WORKING DATA: Begin

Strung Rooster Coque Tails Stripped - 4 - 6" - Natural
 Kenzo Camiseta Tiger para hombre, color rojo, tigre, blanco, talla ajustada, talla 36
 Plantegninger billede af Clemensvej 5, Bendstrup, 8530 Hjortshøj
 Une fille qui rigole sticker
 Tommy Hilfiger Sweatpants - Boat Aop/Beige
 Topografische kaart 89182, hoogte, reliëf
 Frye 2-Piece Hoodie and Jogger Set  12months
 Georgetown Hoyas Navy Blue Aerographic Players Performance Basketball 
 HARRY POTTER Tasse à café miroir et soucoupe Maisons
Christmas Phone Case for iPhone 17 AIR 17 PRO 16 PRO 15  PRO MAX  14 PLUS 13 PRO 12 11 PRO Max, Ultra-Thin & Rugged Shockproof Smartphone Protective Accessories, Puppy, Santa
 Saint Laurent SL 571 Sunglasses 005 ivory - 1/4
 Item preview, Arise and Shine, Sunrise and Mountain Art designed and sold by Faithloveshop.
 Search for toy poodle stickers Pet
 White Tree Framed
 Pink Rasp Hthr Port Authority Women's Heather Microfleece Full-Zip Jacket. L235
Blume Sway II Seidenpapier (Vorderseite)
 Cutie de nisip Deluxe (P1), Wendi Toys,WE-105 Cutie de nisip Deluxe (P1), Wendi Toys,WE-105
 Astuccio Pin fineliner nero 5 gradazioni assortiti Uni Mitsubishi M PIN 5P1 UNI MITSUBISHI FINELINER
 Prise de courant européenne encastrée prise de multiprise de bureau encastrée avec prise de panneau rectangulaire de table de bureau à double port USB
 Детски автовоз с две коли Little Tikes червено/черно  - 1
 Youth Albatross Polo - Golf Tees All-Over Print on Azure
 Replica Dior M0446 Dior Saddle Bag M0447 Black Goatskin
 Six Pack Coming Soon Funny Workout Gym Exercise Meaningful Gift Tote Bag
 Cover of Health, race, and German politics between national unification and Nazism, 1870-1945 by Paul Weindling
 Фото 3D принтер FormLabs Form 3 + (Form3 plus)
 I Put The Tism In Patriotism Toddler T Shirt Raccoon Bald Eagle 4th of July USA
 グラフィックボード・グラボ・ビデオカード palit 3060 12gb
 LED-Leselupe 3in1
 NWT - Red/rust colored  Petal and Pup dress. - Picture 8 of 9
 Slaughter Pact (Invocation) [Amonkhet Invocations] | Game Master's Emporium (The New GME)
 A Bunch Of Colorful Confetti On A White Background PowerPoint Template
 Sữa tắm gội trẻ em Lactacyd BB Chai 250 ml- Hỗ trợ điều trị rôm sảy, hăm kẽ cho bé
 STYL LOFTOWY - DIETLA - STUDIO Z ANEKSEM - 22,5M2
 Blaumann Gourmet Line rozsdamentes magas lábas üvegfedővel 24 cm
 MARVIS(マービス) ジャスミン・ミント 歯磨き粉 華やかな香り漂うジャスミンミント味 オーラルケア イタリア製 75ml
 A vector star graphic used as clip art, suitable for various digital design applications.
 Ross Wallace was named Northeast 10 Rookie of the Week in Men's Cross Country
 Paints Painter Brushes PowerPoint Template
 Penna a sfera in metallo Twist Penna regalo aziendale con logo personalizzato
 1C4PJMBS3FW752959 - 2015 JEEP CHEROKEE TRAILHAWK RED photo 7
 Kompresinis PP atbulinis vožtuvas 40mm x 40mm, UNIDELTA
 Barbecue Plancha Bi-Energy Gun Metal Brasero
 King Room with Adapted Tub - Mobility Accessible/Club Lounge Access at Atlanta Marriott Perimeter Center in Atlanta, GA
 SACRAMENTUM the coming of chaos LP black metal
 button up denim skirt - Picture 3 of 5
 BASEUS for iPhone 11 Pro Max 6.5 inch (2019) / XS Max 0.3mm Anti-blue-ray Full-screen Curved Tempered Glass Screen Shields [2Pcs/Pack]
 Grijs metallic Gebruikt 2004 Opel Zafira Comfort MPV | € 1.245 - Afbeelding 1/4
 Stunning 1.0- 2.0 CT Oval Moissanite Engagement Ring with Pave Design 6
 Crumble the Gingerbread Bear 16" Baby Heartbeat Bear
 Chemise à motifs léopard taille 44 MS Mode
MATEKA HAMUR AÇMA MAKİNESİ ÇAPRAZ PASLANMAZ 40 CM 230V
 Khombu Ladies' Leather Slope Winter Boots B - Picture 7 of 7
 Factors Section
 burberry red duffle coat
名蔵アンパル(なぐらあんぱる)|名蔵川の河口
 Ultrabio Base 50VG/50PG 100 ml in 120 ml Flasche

WORKING DATA: End

- **WORK TO COMPLETE**
Each record above needs to be reproduced exactly as written.

- **RESPONSE TO THIS TASK**
Strung Rooster Coque Tails Stripped - 4 - 6" - Natural
 Kenzo Camiseta Tiger para hombre, color rojo, tigre, blanco, talla ajustada, talla 36
 Plantegninger billede af Clemensvej 5, Bendstrup, 8530 Hjortshøj
 Une fille qui rigole sticker
 Tommy Hilfiger Sweatpants - Boat Aop/Beige
 Topografische kaart 89182, hoogte, reliëf
 Frye 2-Piece Hoodie and Jogger Set  12months
 Georgetown Hoyas Navy Blue Aerographic Players Performance Basketball 
 HARRY POTTER Tasse à café miroir et soucoupe Maisons
Christmas Phone Case for iPhone 17 AIR 17 PRO 16 PRO 15  PRO MAX  14 PLUS 13 PRO 12 11 PRO Max, Ultra-Thin & Rugged Shockproof Smartphone Protective Accessories, Puppy, Santa
 Saint Laurent SL 571 Sunglasses 005 ivory - 1/4
 Item preview, Arise and Shine, Sunrise and Mountain Art designed and sold by Faithloveshop.
 Search for toy poodle stickers Pet
 White Tree Framed
 Pink Rasp Hthr Port Authority Women's Heather Microfleece Full-Zip Jacket. L235
Blume Sway II Seidenpapier (Vorderseite)
 Cutie de nisip Deluxe (P1), Wendi Toys,WE-105 Cutie de nisip Deluxe (P1), Wendi Toys,WE-105
 Astuccio Pin fineliner nero 5 gradazioni assortiti Uni Mitsubishi M PIN 5P1 UNI MITSUBISHI FINELINER
 Prise de courant européenne encastrée prise de multiprise de bureau encastrée avec prise de panneau rectangulaire de table de bureau à double port USB
 Детски автовоз с две коли Little Tikes червено/черно  - 1
 Youth Albatross Polo - Golf Tees All-Over Print on Azure
 Replica Dior M0446 Dior Saddle Bag M0447 Black Goatskin
 Six Pack Coming Soon Funny Workout Gym Exercise Meaningful Gift Tote Bag
 Cover of Health, race, and German politics between national unification and Nazism, 1870-1945 by Paul Weindling
 Фото 3D принтер FormLabs Form 3 + (Form3 plus)
 I Put The Tism In Patriotism Toddler T Shirt Raccoon Bald Eagle 4th of July USA
 グラフィックボード・グラボ・ビデオカード palit 3060 12gb
 LED-Leselupe 3in1
 NWT - Red/rust colored  Petal and Pup dress. - Picture 8 of 9
 Slaughter Pact (Invocation) [Amonkhet Invocations] | Game Master's Emporium (The New GME)
 A Bunch Of Colorful Confetti On A White Background PowerPoint Template
 Sữa tắm gội trẻ em Lactacyd BB Chai 250 ml- Hỗ trợ điều trị rôm sảy, hăm kẽ cho bé
 STYL LOFTOWY - DIETLA - STUDIO Z ANEKSEM - 22,5M2
 Blaumann Gourmet Line rozsdamentes magas lábas üvegfedővel 24 cm
 MARVIS(マービス) ジャスミン・ミント 歯磨き粉 華やかな香り漂うジャスミンミント味 オーラルケア イタリア製 75ml
 A vector star graphic used as clip art, suitable for various digital design applications.
 Ross Wallace was named Northeast 10 Rookie of the Week in Men's Cross Country
 Paints Painter Brushes PowerPoint Template
 Penna a sfera in metallo Twist Penna regalo aziendale con logo personalizzato
 1C4PJMBS3FW752959 - 2015 JEEP CHEROKEE TRAILHAWK RED photo 7
 Kompresinis PP atbulinis vožtuvas 40mm x 40mm, UNIDELTA
 Barbecue Plancha Bi-Energy Gun Metal Brasero
 King Room with Adapted Tub - Mobility Accessible/Club Lounge Access at Atlanta Marriott Perimeter Center in Atlanta, GA
 SACRAMENTUM the coming of chaos LP black metal
 button up denim skirt - Picture 3 of 5
 BASEUS for iPhone 11 Pro Max 6.5 inch (2019) / XS Max 0.3mm Anti-blue-ray Full-screen Curved Tempered Glass Screen Shields [2Pcs/Pack]
 Grijs metallic Gebruikt 2004 Opel Zafira Comfort MPV | € 1.245 - Afbeelding 1/4
 Stunning 1.0- 2.0 CT Oval Moissanite Engagement Ring with Pave Design 6
 Crumble the Gingerbread Bear 16" Baby Heartbeat Bear
 Chemise à motifs léopard taille 44 MS Mode
MATEKA HAMUR AÇMA MAKİNESİ ÇAPRAZ PASLANMAZ 40 CM 230V
 Khombu Ladies' Leather Slope Winter Boots B - Picture 7 of 7
 Factors Section
 burberry red duffle coat
名蔵アンパル(なぐらあんぱる)|名蔵川の河口
 Ultrabio Base 50VG/50PG 100 ml in 120 ml Flasche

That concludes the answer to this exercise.